(Short text fragments from websites)
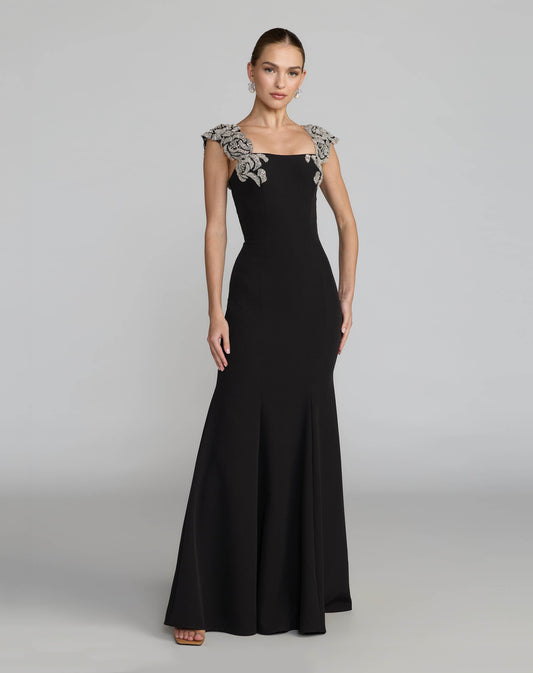 Mac Duggal Black Beaded Floral Appliqué Mermaid Gown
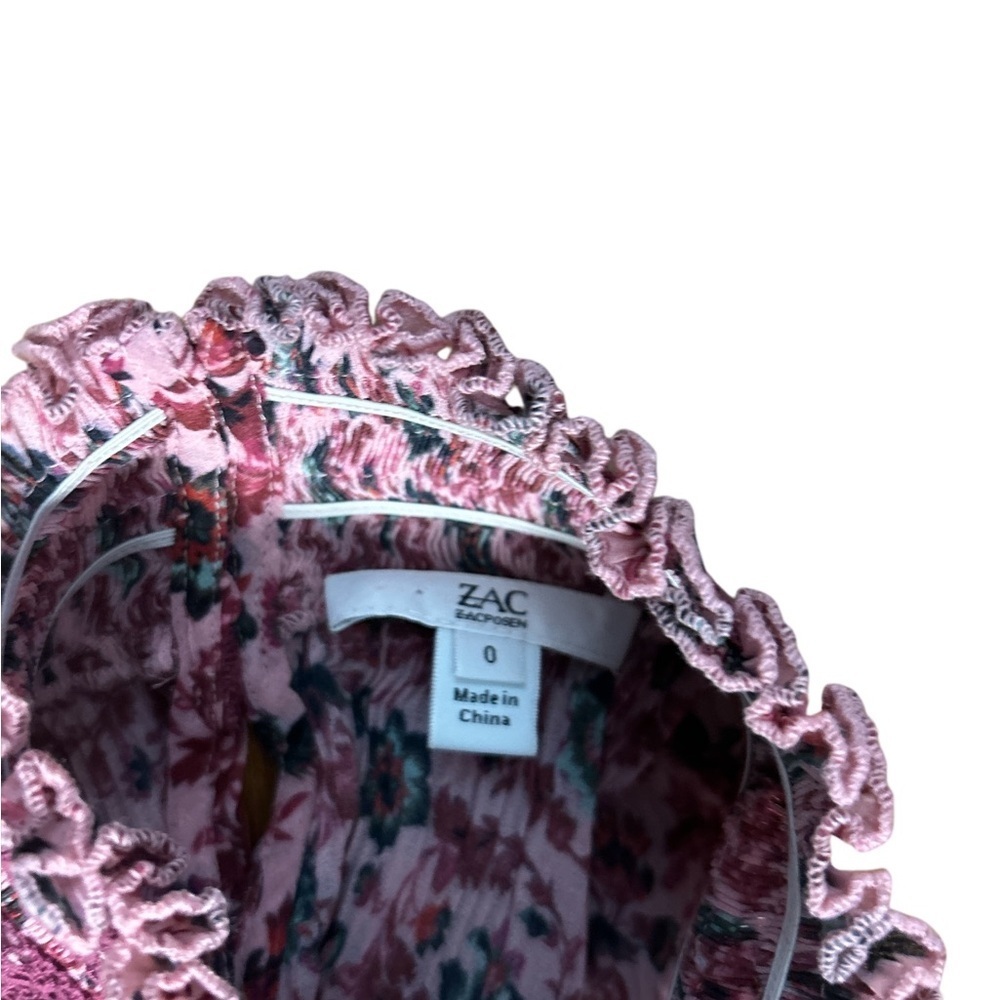 Zac Posen Pink Floral Long Sleeve Mock Neck Dress Size 0 Fit & Flare Boho Chic - Picture 6 of 8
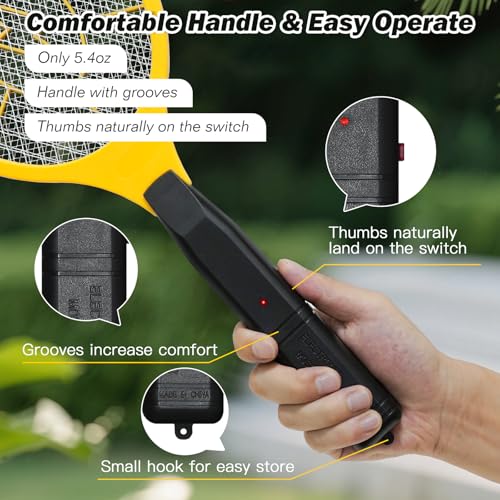 2er-Pack Elektro Fliegenklatsche, Elektrische Fliegenfalle, Mückenvernichter – Zapping-Schläger für drinnen und draußen zur Schädlingsbekämpfung – sicher zu berühren, mit 3-lagigem Sicherheitsnetz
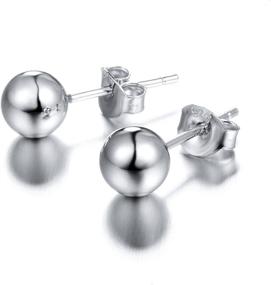 img 2 attached to 💎 Polished Ball Stud Earrings in White Gold Sterling Silver with 3mm-8mm Options - Simple and Stylish Jewelry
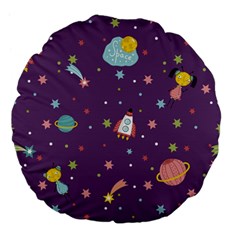 Space Travels Seamless Pattern Vector Cartoon Large 18  Premium Flano Round Cushions by Bedest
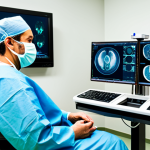 A professional male surgeon, fully clothed in modest surgical scrubs and a cap, seated at a sophisticated 'Da Vinci' robotic surgical console in a pristine, state-of-the-art operating room. The console's high-definition 3D monitors display intricate medical imagery. Robotic arms with precise miniature instruments are visible, emphasizing advanced technology and precision. The surgeon maintains a focused, professional expression. The scene is sterile and well-lit, representing modern medical innovation. This image features perfect anatomy, correct proportions, natural pose, well-formed hands, and proper finger count. It is safe for work, appropriate content, and depicts a professional environment with appropriate attire.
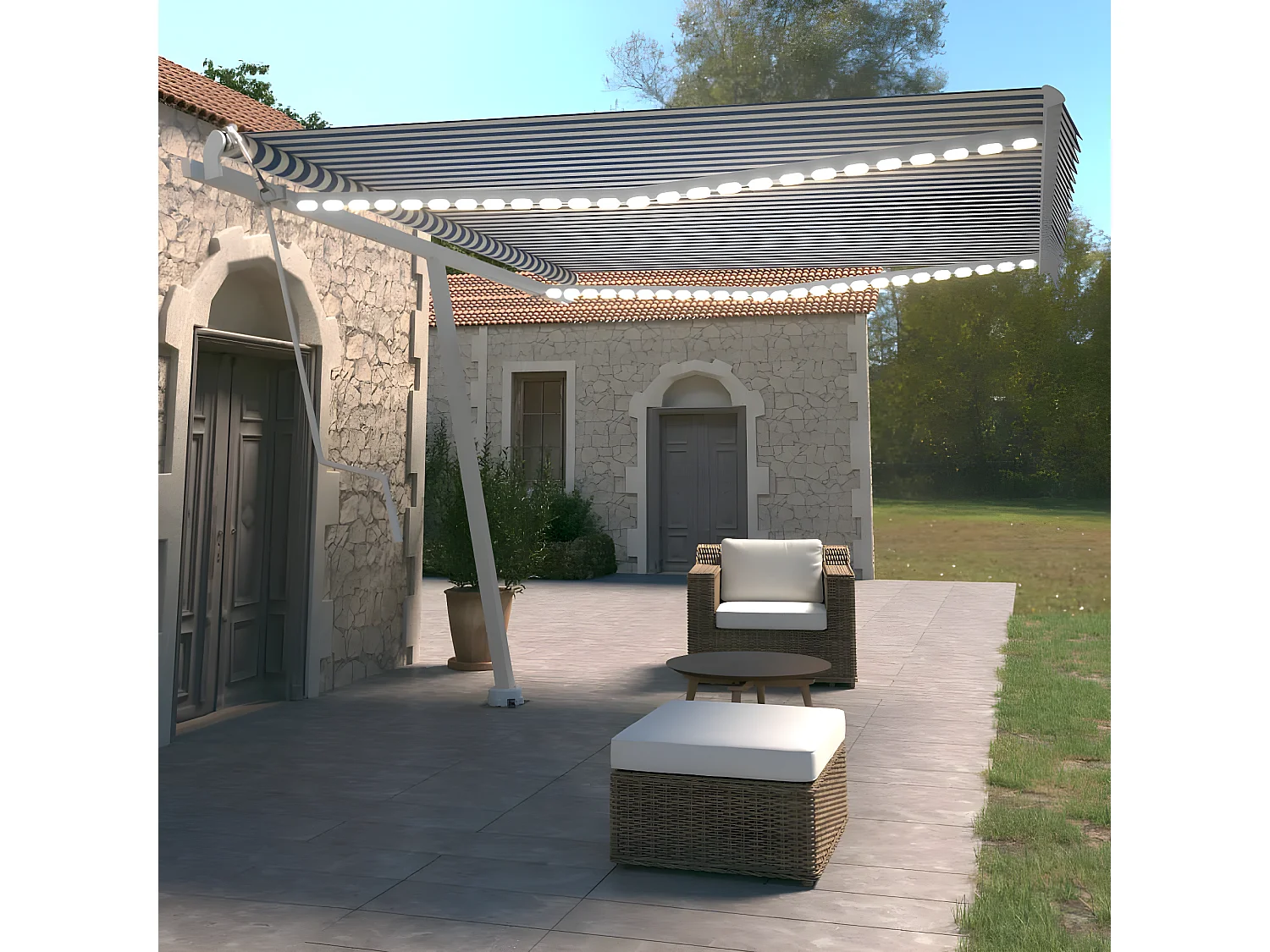 Auvent automatique capteur de vent LED 450x350 Bleu et blanc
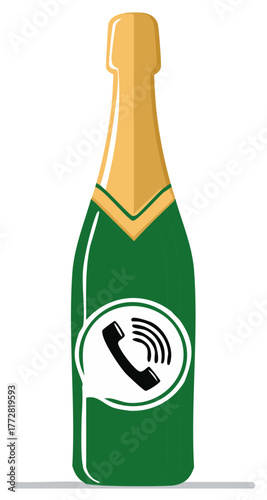 Sparkling wine bottle with telephone message icon representing digital communication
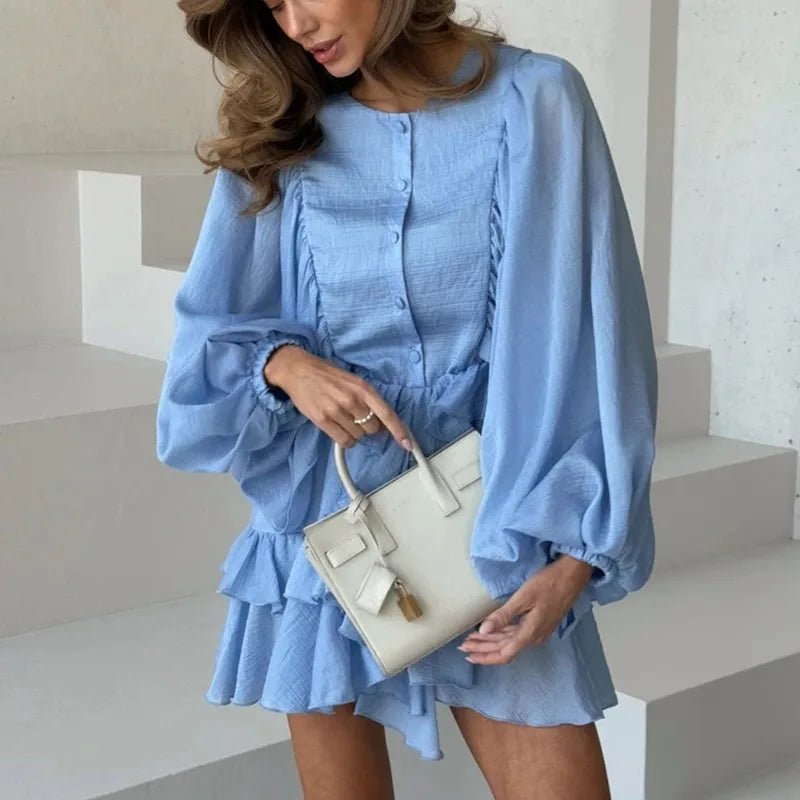 Vestido curto plissado com folhos Marianna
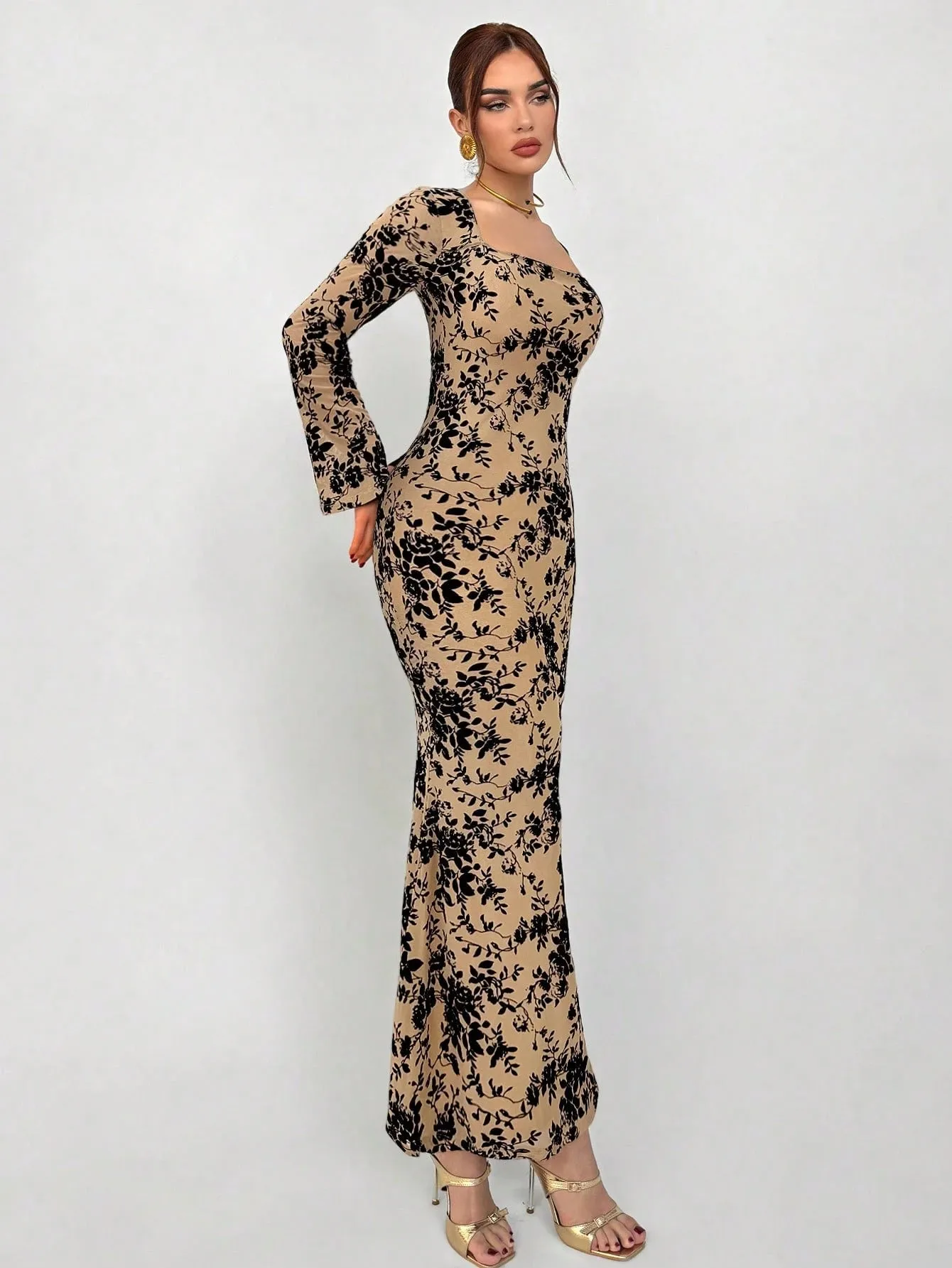 Aloruh Women Sexy Velvet Floral Print Mesh Bodycon Square Neck Long Sleeve Maxi Fishtail Dress FD sold by Negative product image thumbnail 5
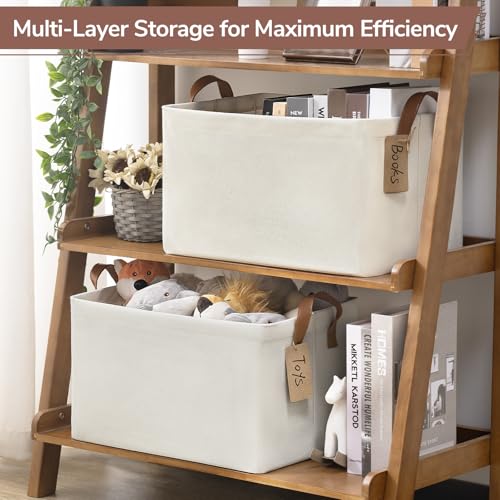 CHICVITA 4 Pack Large Storage Baskets for Shelves, Collapsible Closet Organizer Bins with Metal Frame, Fabric Storage Bins...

Your objective.
Write out the records above exactly. Begin with the first line, end with the line holding "img 2 attached", and drop the pictures.

Written reply.
 Mac Duggal Black Beaded Floral Appliqué Mermaid Gown
 Zac Posen Pink Floral Long Sleeve Mock Neck Dress Size 0 Fit & Flare Boho Chic - Picture 6 of 8
 2er-Pack Elektro Fliegenklatsche, Elektrische Fliegenfalle, Mückenvernichter – Zapping-Schläger für drinnen und draußen zur Schädlingsbekämpfung – sicher zu berühren, mit 3-lagigem Sicherheitsnetz
 img 2 attached to 💎 Polished Ball Stud Earrings in White Gold Sterling Silver with 3mm-8mm Options - Simple and Stylish Jewelry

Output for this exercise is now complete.